# H: Lots W:GK Lizardmen, SM and £££



## grumabeth (Mar 16, 2008)

So my hobby area is a little cluttered so i need to get rid of the last few bits.
i have

orks from black reach (a couple of nobs and warboss started to be painted)

Eternity warden (unpainted)
2 skink cheifs (unpainted)

2x Sentinals (undercoated)
1x oop Sentinal
a catchan platoon consisting of a 5 man command squad two squads of ten 3 heavy weapon teams and 2 commisars)
1 x oop imperial solider (no idea who or what he is even emailed gw they have no idea either)
a metal cadian sniper melta gunner vox and wounded solider)
15 cadians
25 ww2 28mm British commandos with elysian weapon pack (was making tanith)

harry the hammer
archaon on foot
Chaos Tzneetch sorcerror


Glade guard box set
Wood elf spell singer


3rd edition 40k rulebooke
2nd edition card buildings, space wolf codex, wargear book, codex imperiallis, codex army lists, and armegeddon scenarios

im after a contempetor and chaos space marines or good old cash. just make me an offer

I also have a reasonable steel legion army im thinking of getting rid of (have to be a good offer though as im thinking of using for traitor guard. which is roughly about 750 points


----------



## Rhino 88 (Jan 1, 2012)

DIG out the marines !! please


----------



## grumabeth (Mar 16, 2008)

most of marines gone pm for what i have left


----------



## Gothic (May 12, 2008)

I'm interested in the black orcs, dire avengers and falcon grav plus maybe the wave serpent and autarch.
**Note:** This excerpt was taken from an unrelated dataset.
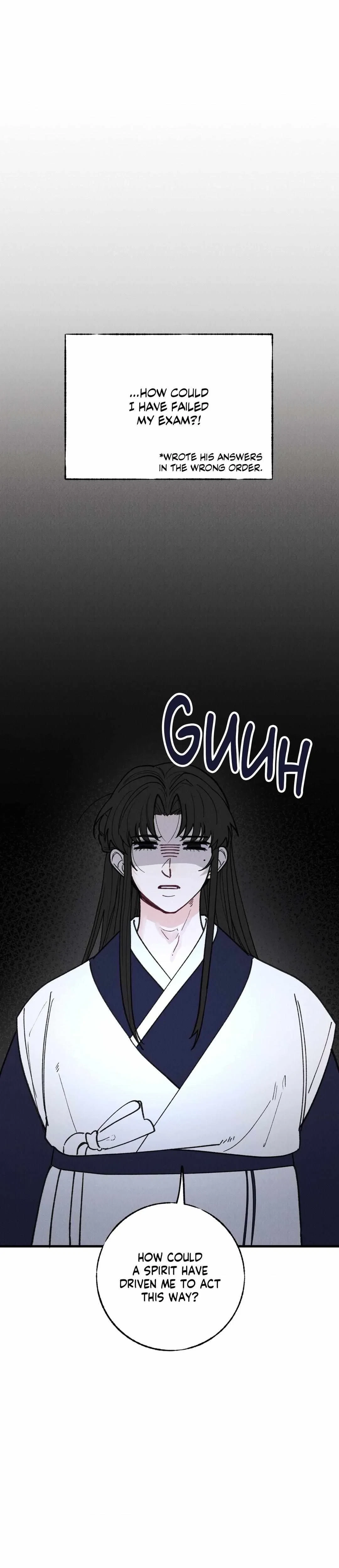 Chapter 3, page 15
This is what I have for Lizardmen:

Lizardmen Battalion which includes 12 Skinks (1 which has been converted to a priest), 20 Saurus regiment, 10 Temple Guard and 8 cold ones)
Skink Chief with scythe and shield
Skink chief with sword and shield
Chakax Eternity Warden
Lizardmen Army Book


----------



## grumabeth (Mar 16, 2008)

shameless bump


----------



## grumabeth (Mar 16, 2008)

found some space wolves


----------



## Turnip86 (Oct 7, 2011)

Is the Empire stuff painted?


----------



## grumabeth (Mar 16, 2008)

no its mostly undercoated black. a couple of pieces have some colour where iv started but nothing really painted except valten


----------



## grumabeth (Mar 16, 2008)

UPDATED!!! new items and wants


----------



## Gombol (May 8, 2012)

Orkses are mine! :3


----------



## grumabeth (Mar 16, 2008)

glad you got them ok. updated lists


----------